12

If $X \sim F$ where the support of $X$ is $\mathbb{R}^p$. So, $X = (X_1, X_2, \dots, X_p)$. Then say I assume $X$ has $k$ finite moments. When $p = 1$, I know that that means $$\int_{\mathbb{R}} x^k\, f(x)\, dx < \infty, $$ where $f(x)$ is the associated density of $F$. What the mathematical equivalent of assuming $X$ has $k$ finite moments when $p > 1$?


In this link, on page 2, the authors define the $k$th moment as $$E\|X\|^k = \int \|X\|^k f(x) \, dx, $$ where $\| \cdot\|$ is the Euclidean norm.

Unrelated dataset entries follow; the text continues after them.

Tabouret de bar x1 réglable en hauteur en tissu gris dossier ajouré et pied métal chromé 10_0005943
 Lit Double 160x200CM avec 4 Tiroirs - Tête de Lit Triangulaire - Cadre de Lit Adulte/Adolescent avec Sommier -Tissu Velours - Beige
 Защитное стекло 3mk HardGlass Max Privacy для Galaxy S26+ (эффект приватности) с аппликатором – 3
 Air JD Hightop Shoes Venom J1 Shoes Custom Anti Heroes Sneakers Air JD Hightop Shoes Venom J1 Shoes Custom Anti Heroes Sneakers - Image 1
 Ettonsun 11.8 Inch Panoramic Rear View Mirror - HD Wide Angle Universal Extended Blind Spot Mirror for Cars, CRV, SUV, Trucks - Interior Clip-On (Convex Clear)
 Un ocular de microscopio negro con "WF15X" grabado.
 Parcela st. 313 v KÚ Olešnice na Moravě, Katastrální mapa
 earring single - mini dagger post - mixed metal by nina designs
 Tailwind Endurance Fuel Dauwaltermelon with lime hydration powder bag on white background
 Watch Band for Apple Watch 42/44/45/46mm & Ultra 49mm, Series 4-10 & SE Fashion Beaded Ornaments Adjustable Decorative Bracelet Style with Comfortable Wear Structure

Glen_b's answer here suggests that the $k$th moment would be $$\int x_1^kx_2^k \dots x_p^k \, f(x) dx. $$

Does assuming one to be finite imply the other is finite?

Greenparker
  • 14,131
  • 3
  • 36
  • 80
  • Have you seen this language used for $p>1$ somewhere? Essentially for $p>1$ the moments will be $k_{th}$ order tensors. So for $k=1$ you have a mean vector, for $k=2$ you have a (co-)variance matrix, for $k=3$ you would have a $3_{rd}$ order "skewness" tensor, and so on. (Assuming moments about the mean, for $k>1$.) – GeoMatt22 Sep 08 '16 at 22:11
  • @GeoMatt22 That is correct. Yes, I have seen the language used. For example [here](http://www.sciencedirect.com/science/article/pii/0047259X88900358) they talk about $2 + \delta$ finite moments of a random vector. – Greenparker Sep 08 '16 at 22:17
  • Perhaps the meaning would be that all entries of the moment-tensor are finite? – GeoMatt22 Sep 08 '16 at 22:27
  • @Greenparker could you cite that passage in the text? Can't find it. – ekvall Sep 08 '16 at 22:59
  • @Student001 Oops sorry, wrong link. [Here](https://projecteuclid.org/euclid.aop/1176994565) is the right link. Look at the statement of say Theorem 4, page 6. – Greenparker Sep 09 '16 at 05:38
  • Here is something I have come across: Let $\left\Vert\cdot\right\Vert$ stand for the Euclidean vector norm and the corresponding induced matrix norm, $\left\Vert \cdot\right\Vert _{r}=\sqrt[r]{E\left(\left\Vert\cdot\right\Vert^r\right)}$ is the $L_r$ norm of a random variable or vector. – Christoph Hanck Sep 09 '16 at 07:36
  • Some people apparently use moments in the tensor-sense for Banach space valued r.v.s: http://arxiv.org/pdf/1208.4272v2.pdf. In the paper you cited, I interpreted $k$ finite moments as $\mathbb E \Vert X \Vert^k < \infty$. – ekvall Sep 09 '16 at 11:28
  • @Student001 Thanks for the link. Just to confirm, $\| \cdot\|$ is the Euclidean norm? – Greenparker Sep 09 '16 at 12:53
  • @ChristophHanck Could you complete your thought? I understand what the $L_r$ norm is, could you explain how this relates to the moments? – Greenparker Sep 09 '16 at 12:54
  • If I understand @Student001 correctly, I mean the same thing he proposes. – Christoph Hanck Sep 09 '16 at 13:00
  • I meant it more in general, but if you are in $\mathbb R ^k$ that would be a natural choice. I skimmed parts of the paper, and it seemed to me they were more general, e.g. the r.v.s take values in a Banach space with *some* norm that they denote $\Vert \cdot \Vert$. – ekvall Sep 09 '16 at 15:08
  • @Greenparker Maybe you want a tensor view? – Henry.L Dec 11 '16 at 17:34

2 Answers2

6

The answer is in the negative, but the problem can be fixed up.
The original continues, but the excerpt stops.